The US has sanctioned an Iraq-based company for helping Iran’s Islamic Revolutionary Guard Corps (IRGC), which was designated as a terrorist group by the US in April, to evade sanctions and smuggle hundreds of millions of dollars’ worth of weapons to Iran’s terrorist proxies.

The US Treasury Department said in a statement on June 11 that the penalties imposed target the South Wealth Resources Company (SWRC), also known as the Manabea Tharwat al-Janoob General Trading Company, in Baghdad and two executives who helped facilitate weapons shipments. The Treasury also said that the company and the two men – Makki Kazim ‘Abd Al Hamid Al Asadi and Muhammed Hussein Salih Al Hasani – are linked to the IRGC’s elite Quds Force, which was named as a terrorist group several years ago.

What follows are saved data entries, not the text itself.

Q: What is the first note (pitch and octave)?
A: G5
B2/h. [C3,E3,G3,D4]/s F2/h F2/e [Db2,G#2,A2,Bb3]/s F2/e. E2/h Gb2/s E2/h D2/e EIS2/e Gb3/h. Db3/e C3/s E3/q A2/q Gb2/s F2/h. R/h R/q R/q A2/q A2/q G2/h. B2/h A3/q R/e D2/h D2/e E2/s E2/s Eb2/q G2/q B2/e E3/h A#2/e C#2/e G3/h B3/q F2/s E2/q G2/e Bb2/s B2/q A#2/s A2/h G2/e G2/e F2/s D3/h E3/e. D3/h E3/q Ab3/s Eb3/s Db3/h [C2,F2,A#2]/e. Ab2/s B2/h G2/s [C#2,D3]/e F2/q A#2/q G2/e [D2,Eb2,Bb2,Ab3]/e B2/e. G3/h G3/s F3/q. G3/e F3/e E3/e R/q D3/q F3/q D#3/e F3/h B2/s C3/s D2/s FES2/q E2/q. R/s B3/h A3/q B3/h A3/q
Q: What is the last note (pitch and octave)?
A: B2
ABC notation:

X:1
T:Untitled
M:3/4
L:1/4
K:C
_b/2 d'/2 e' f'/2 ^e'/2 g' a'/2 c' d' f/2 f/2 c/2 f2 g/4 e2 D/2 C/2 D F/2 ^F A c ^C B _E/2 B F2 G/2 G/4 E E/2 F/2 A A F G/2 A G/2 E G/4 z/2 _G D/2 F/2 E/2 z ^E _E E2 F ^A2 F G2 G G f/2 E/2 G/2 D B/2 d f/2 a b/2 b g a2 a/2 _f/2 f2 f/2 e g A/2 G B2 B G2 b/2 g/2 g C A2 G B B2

Treasury Secretary Steven Mnuchin said in the statement: “[The] Treasury is taking action to shut down Iranian weapons smuggling networks that have been used to arm regional proxies of the IRGC Qods Force in Iraq, while personally enriching regime insiders. The Iraqi financial sector and the broader international financial system must harden their defences against the continued deceptive tactics emanating from Tehran in order to avoid complicity in the IRGC’s ongoing sanctions evasion schemes and other malign activities.”

These sanctions freeze any assets held by the company or the executives in the US or its territories, as well as putting other companies off working with the SWRC, which will also reduce their financial abilities.

This is part of the US’s ongoing “maximum pressure” campaign on Iran, which is designed to force the Iranian authorities back to the negotiating table for a fairer deal on all of its destabilising behaviour, not just its nuclear programme.

The US withdrew from the 2015 nuclear deal with Iran last May, citing Iranian noncompliance among other things, and began reimposing sanctions to cut off the regime’s wealth in order to stop them from building a nuclear bomb or funding its terrorist proxies. The US said that Iran is a source of regional instability and must be stopped before it destroys the Middle East.

These new sanctions were announced as Japanese Prime Minister Shinzo Abe was visiting Tehran as part of in an effort to ease tensions between Washington and Tehran, which are at their highest for 40 years.

Neither Iran’s mission to the United Nations nor representatives for the SWRC were available for comment at the time of writing.